Kadınların sorunlarının salt iş ve üretim alanları ile sınırlı olmadığını hepimiz biliyoruz. Evde ve yaşamın farklı alanlarında da kadınlar geleneksel sınıf kültürünün etkisinde ve onun sonucunda topluma yerleştirilen geleneksel bilinç sayesinde ayrımcılık ve eşitsizlik ile karşı karşıya kalmaktadırlar.

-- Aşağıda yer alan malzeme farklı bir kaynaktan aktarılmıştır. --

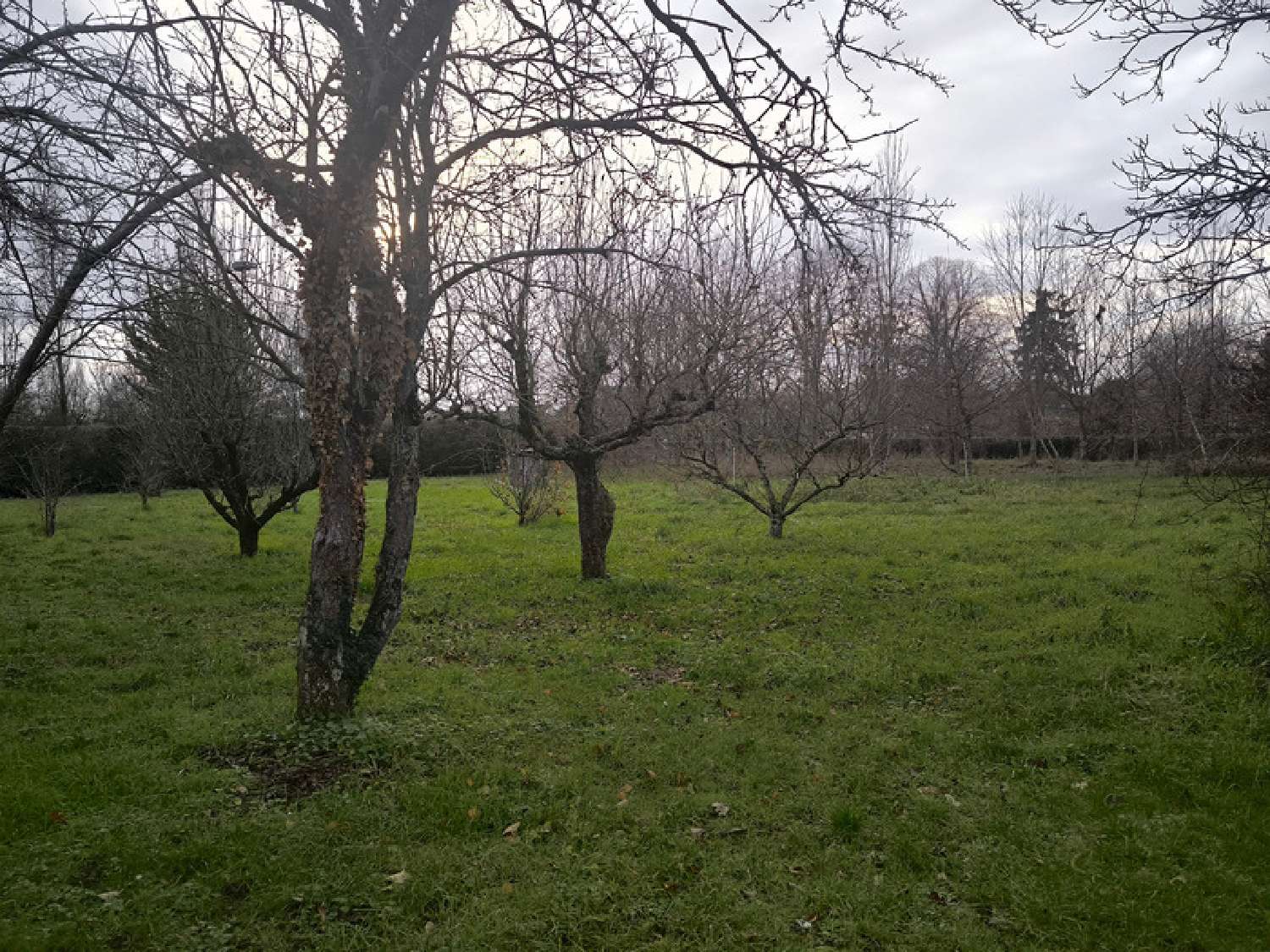  kaufen Haus Précigné Sarthe 3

Yine aynı nedenle bilinçsiz erkeklerin kadınlara karşı uyguladıkları şiddet ve yok sayma alışkanlığı bardağı taşıran son damla olmaktadır.

Türkiye’de yargı ağırlıkla kadınların şikayetlerini dikkate almamaktadır. Ya hafife almakta, ya da hiç işleme sokmamaktadır. Bu yaklaşım kuşkusuz ki temel olarak egemen sınıfların din kültürünün etkisinde kadınları yok sayan anlayışından kaynaklanmaktadır. Son dönemlerde kadınlar aleyhine din istismarcısı hokkabazlarının verdikleri fetvalar var olan kadın düşmanı anlayışı daha da derinleştirmek için planlı eylemlerdir.

Evde, işte, sokakta, toplumun her alanında kadınların eşit haklar mücadelesi sınıf mücadelesinin en önemli unsurlarından biridir. Kadının özgürleşmesi toplumun özgürleşmesi ile eş değerdir. Kadının özgürleşmesi, özgür bir toplum olan Sosyalizm’de tam olarak ifadesini bulacaktır. Onun için sosyalizm mücadelesinde işçi ve emekçi kadınlar en az erkekler belirleyici rol oynayacaklardır.